A Pan-style scanning tunneling microscope (STM), with a vertical coarse approach
mechanism, was designed, built and tested. The microscope will be operated in
ultra-high vacuum and also at cryogenic temperatures (8 K) inside a continuous
flow cryostat. Fundamental differences in operating principle exist between the new
microscope and the beetle-type inertial sliders [1] that have been the mainstay of
the group for the last eight years. While Pan-style microscopes do already exist [2],
they remain challenging to build, and an active area of research [3]. This system
represents a bold departure from well-trodden paths, and will greatly expand the range of experiments that our group can perform.

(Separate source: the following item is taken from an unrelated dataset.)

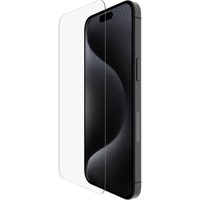 Belkin ScreenForce UltraGlass 2 for iPhone 15 Pro Max, Film de protection Transparent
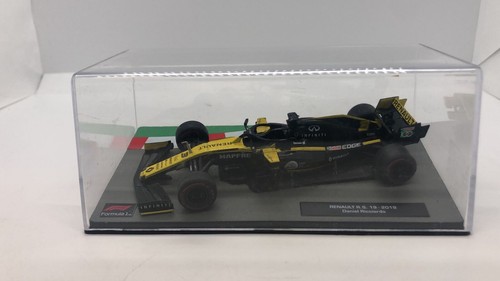 EDICOLA FORMULA 1 F1 AUTO COLLECTION SCALA 1:43* SCEGLI DAL MENU A TENDINA - Foto 78 di 96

The operating principles of inertial piezoelectric motors are detailed. Design guidelines for a piezoelectric motor are given, and used in the design of the vertical coarse
approach motor. A simple, inexpensive implementation for creating waveforms with
an extremely fast fall time is discussed. Motor performance is tested, and a minimum
step size of 20nm is found for frequencies ranging from 0 Hz to 3 kHz. The motor
operates with high dynamic range: individual 20nm steps can be taken, as well as
being able to move at a velocity of 0.4mm s−1.
Little is known about the vibrational properties of Pan-style microscopes. Vibrational testing of the microscope revealed the expected scanner bending mode at 1.6 kHz (above the scanner bending mode of our beetles at 1.2 kHz), and a complicated
response signal above this frequency. Custom extension springs for an eddy-current
damping system are built and tested. A low resonant frequency of 1.8 Hz is found,
which is ideal for the application.
Initial testing of the STM in ambient conditions is performed on two different
surfaces. A moir´e supermesh [4] with periodicity 3nm is observed on a highly-oriented pyrolytic graphite (HOPG) surface, and agrees well with previously published results.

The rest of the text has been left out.